A Little Bit Of Shock… A Little Bit Of Awe…. A Lot Of Fun….

So I have to say first and foremost; Wee and I are having a BLAST.  This weekend has been so much fun…  And really, it’s brought us closer together.  

We’re not spending a million dollars.  We’re not travelling to new and exotic places.  We’re not even really doing anything exciting.  What we are doing though is rolling it all back to the basics and just spending time.  

It’s been amazing.  

I love her so much.  She really is an amazing little girl.  So full of compassion and empathy…  and FUN!  She is so fun!

And then we had a visitor.

I knew the visitor was coming.  I invited her out.  But I didn’t EXPECT her to actually come out.  

But she did.  

And she brought with her news and stories that I know all too well.

I think she was going to try to pass everything off as ‘being great’…  but then I think she saw me seeing…  I think she saw me listening and hearing….   I think she saw me knowing before she said a word.

My poor sister has gotten divorced. 

The absolutely wonderful man who she had met, fell in love with, and married…  well, he claims that he decided he just couldn’t do it anymore.  He says that he decided that he had had enough.  He states that he decided that the weight of her illness was far too heavy for him to bear any longer.  

So he cut all ties; even the ones that she had with his children.  

And she’s left….  Broken.  Absolutely broken.

She misses him horribly.   Misses the children.  Misses the life that they had.  
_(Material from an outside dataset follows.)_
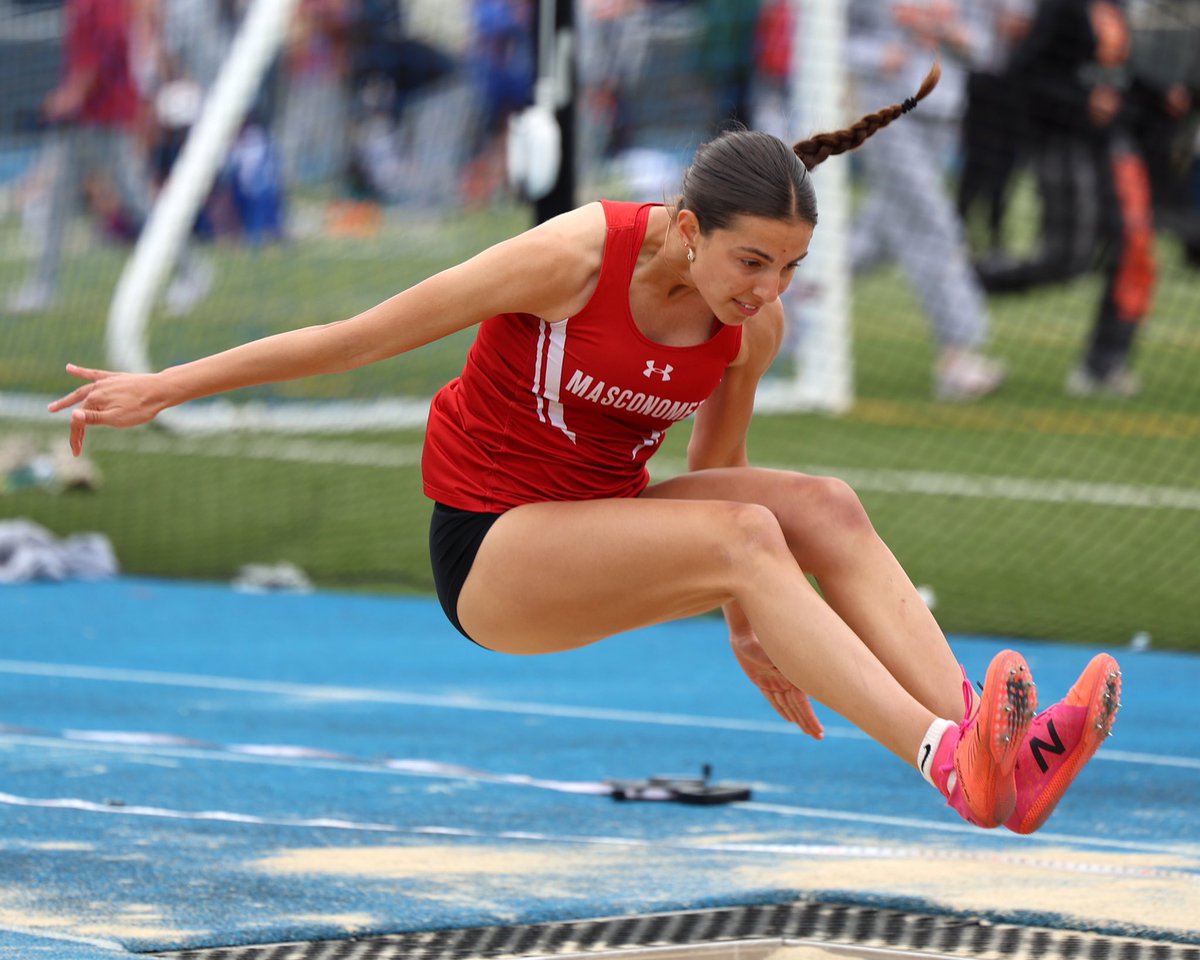 Lauren Boughner makes the Long Jump Finals at 2024 All States (Meet of Champions) #RiseTogether #BigTime 🔥⚡️🔥 
(Amazing photo courtesy of T. Gibeau)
She’s been shattered by someone who meant well; but who just couldn’t bear the weight of their own past and the future that they were trying to build.  

Hm, sounds familiar.  

She then told me of his exit strategy; make everything her fault so that she felt perfectly small.  Everything.  Right down to the tumour that he knew about long before they said ‘I do’.  Somehow that tumour is her fault.  

Hm….  that sounds familiar too.  

That all sounds a lot like where I have been.  

It sounds a lot like the shit I’ve had to swim through.  

Why are there so many broken people out there in the world?   And why do they insist upon tearing up everyone who tries to love them?  

Why can’t they just gracefully say you know what, I made a mistake.  I’m so sorry.  So very sorry. 

Why must they make everything everyone else’s fault, point out every flaw that everyone has, tear them down, tear them up, and leave them broken?  

Why must people behave badly?

4 thoughts on “A Little Bit Of Shock… A Little Bit Of Awe…. A Lot Of Fun….

    • Thank you Nate… yes, it is sad…. so very sad… Everything has changed about the world… including the way people end a relationship. It used to be enough to just say hey, sorry… and walk away. Now most people feel the need to tear the other person up on the way out; leaving them feeling small and broken; as if the broken from the ending of a relationship isn’t enough pain to deal with.

  1. I know both pains well… Sorry about your sister, that just sounds terrible, but you do have a kind and comforting way about you that I’m sure will help her with the healing process. Ugh, relationships eh? 😉

    • Relationships are great… when they’re good… when they go to hell, they can definitely tear your world up… leave you gasping for air… leave you feeling like you’ve been shattered into a million pieces. When that happens, all you can do is hope that those near and dear to you will catch you and carry you until you’re able to walk on your own again.
      I hope that my sister sees and knows that, despite everything; or maybe because of everything; i’m here to help her…. help carry her. I hope. But that’s up to her. You can’t make someone accept your help any more than you can make someone love you.